Инна Ходорковская: «Декабристкой себя не считаю. Наша история еще не написана».
Пока Марина Филипповна общалась с иностранными, московскими и читинскими журналистами, Инна Валентиновна оставалась в колонии. Она вышла оттуда в 10 часов утра в пятницу. Из тактичности большинство журналистов не ждали ее возле колонии – потому что руководство лагеря недвусмысленно пообещало устроить проблемы тому, из-за кого весь этот шум.
Уже в 2 часа дня в пятницу Инна Ходорковская дала небольшой брифинг журналистам в Краснокаменской гостинице «Центральная», где останавливалась во время своей поездки.
-Инна Валентиновна, что значит сейчас в России быть женой Михаила Ходорковского?
-Моя основная задача – это обеспечить ему сейчас, в этой ситуации, минимальный комфорт. Собирать передачи, еду, одежду.
-А как сейчас на улицах на Вас реагируют люди – показывают пальцем?
-Пальцем не показывают. Но, конечно, узнают. Но агрессии никакой нет. Это на улице. А вне улицы – вокруг нас вакуум.
-А как у детей в школе?
- Вокруг дочери в школе очень стабильная обстановка.

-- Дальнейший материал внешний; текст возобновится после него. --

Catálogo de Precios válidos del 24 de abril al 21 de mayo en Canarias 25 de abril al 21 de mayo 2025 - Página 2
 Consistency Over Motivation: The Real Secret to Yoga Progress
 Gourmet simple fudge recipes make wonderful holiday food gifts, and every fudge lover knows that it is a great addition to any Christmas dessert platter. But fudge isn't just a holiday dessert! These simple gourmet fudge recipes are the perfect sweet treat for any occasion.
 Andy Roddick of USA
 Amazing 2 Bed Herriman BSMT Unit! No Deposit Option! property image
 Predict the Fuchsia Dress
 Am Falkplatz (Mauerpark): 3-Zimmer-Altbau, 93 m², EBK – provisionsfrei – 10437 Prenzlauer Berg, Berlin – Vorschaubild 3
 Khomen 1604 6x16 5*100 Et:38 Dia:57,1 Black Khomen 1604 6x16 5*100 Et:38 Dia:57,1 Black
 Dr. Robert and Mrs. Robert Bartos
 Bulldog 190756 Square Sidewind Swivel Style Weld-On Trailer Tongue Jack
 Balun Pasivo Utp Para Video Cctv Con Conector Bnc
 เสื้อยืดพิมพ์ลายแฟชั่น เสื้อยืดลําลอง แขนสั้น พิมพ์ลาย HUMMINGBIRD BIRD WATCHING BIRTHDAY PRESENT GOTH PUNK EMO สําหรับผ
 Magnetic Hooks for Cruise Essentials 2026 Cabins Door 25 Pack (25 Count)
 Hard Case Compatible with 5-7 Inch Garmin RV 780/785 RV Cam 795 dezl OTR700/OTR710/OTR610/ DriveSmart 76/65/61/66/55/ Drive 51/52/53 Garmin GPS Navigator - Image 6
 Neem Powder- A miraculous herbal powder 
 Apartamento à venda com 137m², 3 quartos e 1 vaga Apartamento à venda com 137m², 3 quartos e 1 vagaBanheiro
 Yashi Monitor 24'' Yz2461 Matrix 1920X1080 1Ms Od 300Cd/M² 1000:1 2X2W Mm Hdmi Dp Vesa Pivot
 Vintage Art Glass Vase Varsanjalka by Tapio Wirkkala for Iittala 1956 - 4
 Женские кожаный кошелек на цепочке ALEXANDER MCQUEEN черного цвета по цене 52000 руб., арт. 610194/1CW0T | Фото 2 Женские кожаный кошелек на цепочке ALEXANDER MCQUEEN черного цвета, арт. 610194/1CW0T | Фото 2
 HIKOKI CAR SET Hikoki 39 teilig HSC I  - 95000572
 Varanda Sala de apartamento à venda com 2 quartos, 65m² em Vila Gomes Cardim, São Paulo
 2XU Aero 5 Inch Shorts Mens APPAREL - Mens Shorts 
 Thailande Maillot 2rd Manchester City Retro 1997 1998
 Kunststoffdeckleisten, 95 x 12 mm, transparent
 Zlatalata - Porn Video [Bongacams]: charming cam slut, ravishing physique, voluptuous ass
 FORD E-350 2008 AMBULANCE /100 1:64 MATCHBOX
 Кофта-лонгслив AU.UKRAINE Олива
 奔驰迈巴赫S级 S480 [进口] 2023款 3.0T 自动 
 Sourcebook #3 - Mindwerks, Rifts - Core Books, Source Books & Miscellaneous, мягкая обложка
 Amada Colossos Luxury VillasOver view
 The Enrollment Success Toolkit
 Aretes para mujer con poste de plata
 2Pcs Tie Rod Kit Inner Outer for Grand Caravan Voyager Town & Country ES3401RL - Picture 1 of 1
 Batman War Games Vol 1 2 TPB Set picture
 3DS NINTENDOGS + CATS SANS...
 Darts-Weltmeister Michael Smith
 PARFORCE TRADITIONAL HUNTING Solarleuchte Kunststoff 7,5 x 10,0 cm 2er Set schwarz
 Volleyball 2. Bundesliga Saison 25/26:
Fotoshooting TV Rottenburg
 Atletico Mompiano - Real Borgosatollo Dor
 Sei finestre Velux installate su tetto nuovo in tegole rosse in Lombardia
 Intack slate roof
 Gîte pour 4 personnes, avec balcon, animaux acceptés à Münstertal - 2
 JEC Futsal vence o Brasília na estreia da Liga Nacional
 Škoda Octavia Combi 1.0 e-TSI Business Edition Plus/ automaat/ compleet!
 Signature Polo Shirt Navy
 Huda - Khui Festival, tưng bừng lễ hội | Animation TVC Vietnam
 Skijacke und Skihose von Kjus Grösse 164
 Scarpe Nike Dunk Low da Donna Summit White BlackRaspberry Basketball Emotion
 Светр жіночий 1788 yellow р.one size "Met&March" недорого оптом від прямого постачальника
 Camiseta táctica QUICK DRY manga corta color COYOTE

И есть такое ощущение – спина к спине. Ее защитят, не дадут на растерзание. Она чувствует эту поддержку и со стороны одноклассников, и со стороны преподавательского коллектива.
-Есть ли что-то, о чем бы вы хотели попросить российские власти в отношении условий содержания?
-Есть законы. И то, что ему отказывают в какой-то деятельности, которой он имеет полное законное право заниматься – это неправильно. Поэтому я бы просто попросила российские власти соблюдать существующие законы.
-Как Вам кажется, адаптировался ли уже Ходорковский к этой колонии? Не перестанете ли вы оспаривать его этапирование сюда, в Читинскую область.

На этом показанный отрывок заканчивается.